Information given section start

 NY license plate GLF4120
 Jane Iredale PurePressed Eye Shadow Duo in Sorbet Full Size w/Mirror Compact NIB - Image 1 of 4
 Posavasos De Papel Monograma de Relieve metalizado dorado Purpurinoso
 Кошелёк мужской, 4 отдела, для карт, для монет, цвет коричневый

Information given section end
Information given section start

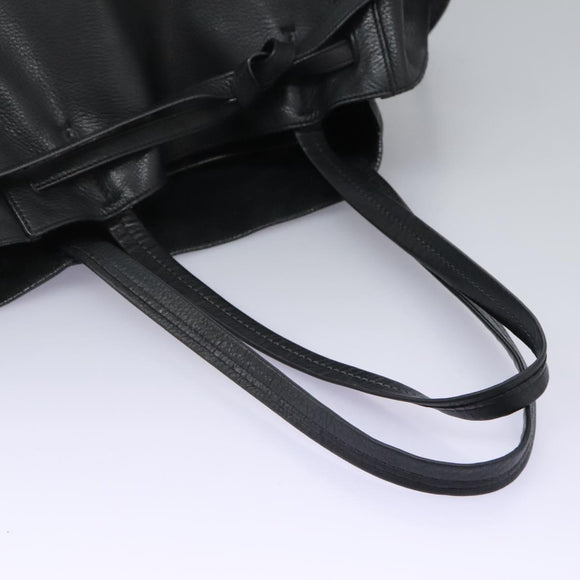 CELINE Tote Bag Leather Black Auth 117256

Information given section end
Information given section start

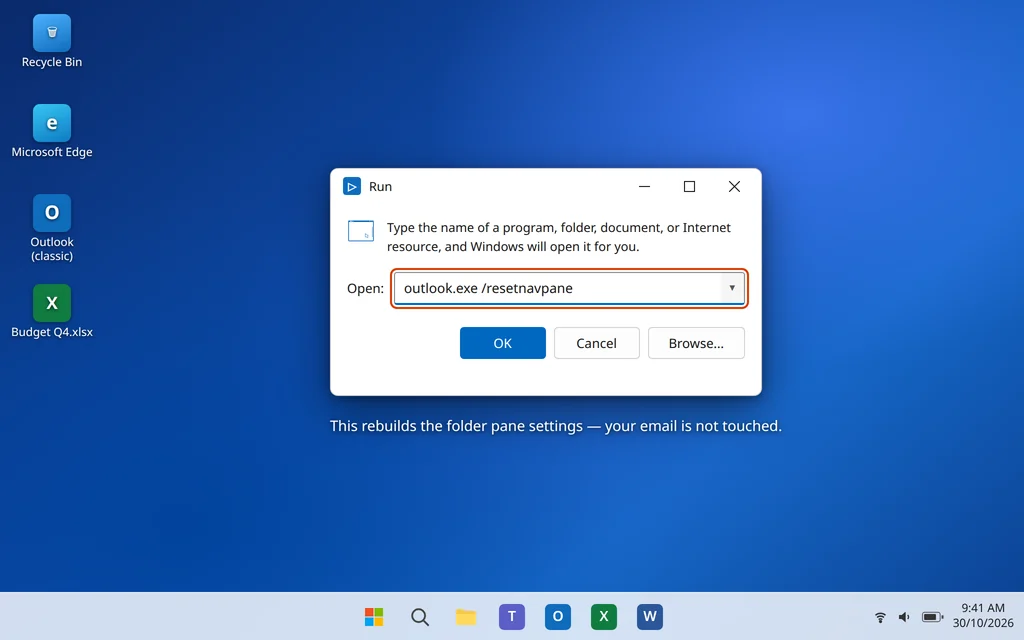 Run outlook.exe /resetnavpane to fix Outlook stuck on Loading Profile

Information given section end

Above are the records. Copy the lines beginning at the one that has "NY license plate GLF4120" and ending with the one that has "Кошелёк мужской, 4", unchanged.

 NY license plate GLF4120
 Jane Iredale PurePressed Eye Shadow Duo in Sorbet Full Size w/Mirror Compact NIB - Image 1 of 4
 Posavasos De Papel Monograma de Relieve metalizado dorado Purpurinoso
 Кошелёк мужской, 4 отдела, для карт, для монет, цвет коричневый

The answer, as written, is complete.